Doch nicht dem Bundestag, sondern der ostdeutschen Demokratiebewegung in der Schlussphase der DDR kommt das Verdienst zu, einen deutschen Verfassungsentwurf vorgelegt zu haben, in dem das Diskriminierungsverbot erstmals auch auf das Merkmal „Behinderung“ bezogen wurde. Der Entwurf stammte von der „Arbeitsgruppe Verfassung“ des Zentralen Runden Tisches, wurde aber von der Volkskammer im April 1990 mit einer denkbar knappen Abstimmung abgewiesen. Der Frage, welche Organisationen und Personen maßgeblich daran beteiligt waren, dass die Arbeitsgruppe diese behindertenpolitische und grundrechtliche Innovation einführte, widmet Heiden eine gründliche Spurensuche in den überlieferten Unterlagen. Ausschlaggebend, so seine Einschätzung, war vermutlich ein Zusammenspiel mehrerer Akteure, insbesondere des Unabhängigen Frauenverbandes mit behindertenpolitischen Aktivisten der PDS, allen voran Jürgen Demloff und Ilja Seifert.
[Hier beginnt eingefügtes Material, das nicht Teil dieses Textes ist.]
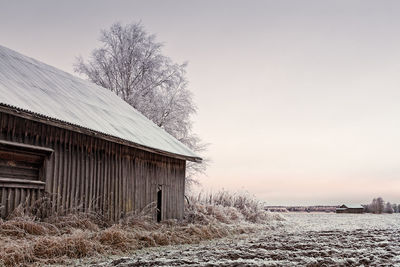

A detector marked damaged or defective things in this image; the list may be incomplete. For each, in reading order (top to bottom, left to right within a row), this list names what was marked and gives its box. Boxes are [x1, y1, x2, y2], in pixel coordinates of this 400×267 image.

rusty roof edge [0, 103, 203, 163]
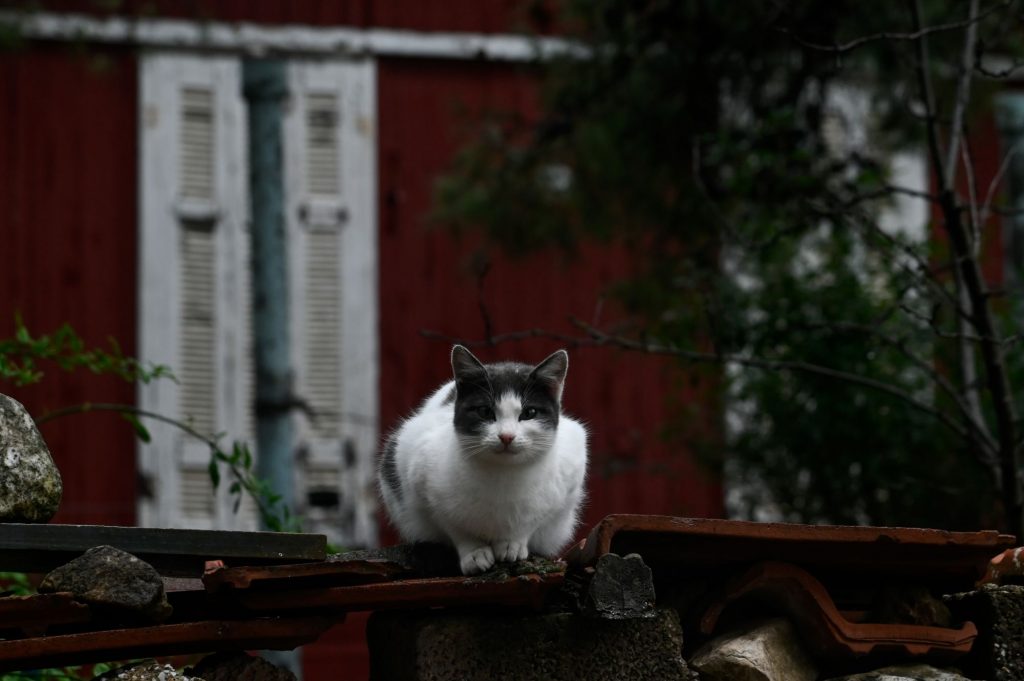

Ausstrahlung entfaltete der Entwurf auch auf die behindertenpolitische Diskussion in Westdeutschland, wenngleich die Skepsis angesichts der erforderlichen Zweidrittelmehrheit für eine Verfassungsänderung anfangs noch überwog. Einen Umschwung markierte die gestärkte Kampagnenfähigkeit der Behindertenbewegung, die Anfang der 1990er-Jahre auch Bündnisse mit etablierten Behindertenverbänden einging. Hier ragen der „Düsseldorfer Appell“ von Oktober 1991 heraus, der ein Antidiskriminierungsgesetz sowie eine Grundgesetzänderung forderte, und der erste Europäische Protesttag zur Gleichstellung von Menschen mit Behinderung am 5. Mai 1992 – beides Aktionsformen, die auf große Resonanz von Organisationen und Einzelpersonen stießen. Sobald das Anliegen einer Grundgesetzänderung aber die politische Ebene der Gemeinsamen Verfassungskommission erreichte, stieß es an die Grenzen ihrer Durchsetzbarkeit. Wie Heiden anhand von Stellungnahmen und Sitzungsprotokollen nachzeichnet, stand die regierende Koalition aus CDU/CSU und FDP in der späten Kohl-Ära für eine entschiedene Ablehnung gesellschaftlicher Reformen, gerade auch in der Behindertenpolitik. Nur unter den Bedingungen des Wahljahres 1994 und aufgrund der Einigkeit, die das gesamte Spektrum der Interessenvertretungen behinderter Menschen einschließlich der großen Sozialverbände demonstrierte, lenkte Helmut Kohl schließlich ein und bahnte den Weg für die Zustimmung der Unionsfraktion im Bundestag. Damit konnte die Grundgesetzänderung, einschließlich des speziellen Diskriminierungsverbots für behinderte Menschen, im November 1994 in Kraft treten.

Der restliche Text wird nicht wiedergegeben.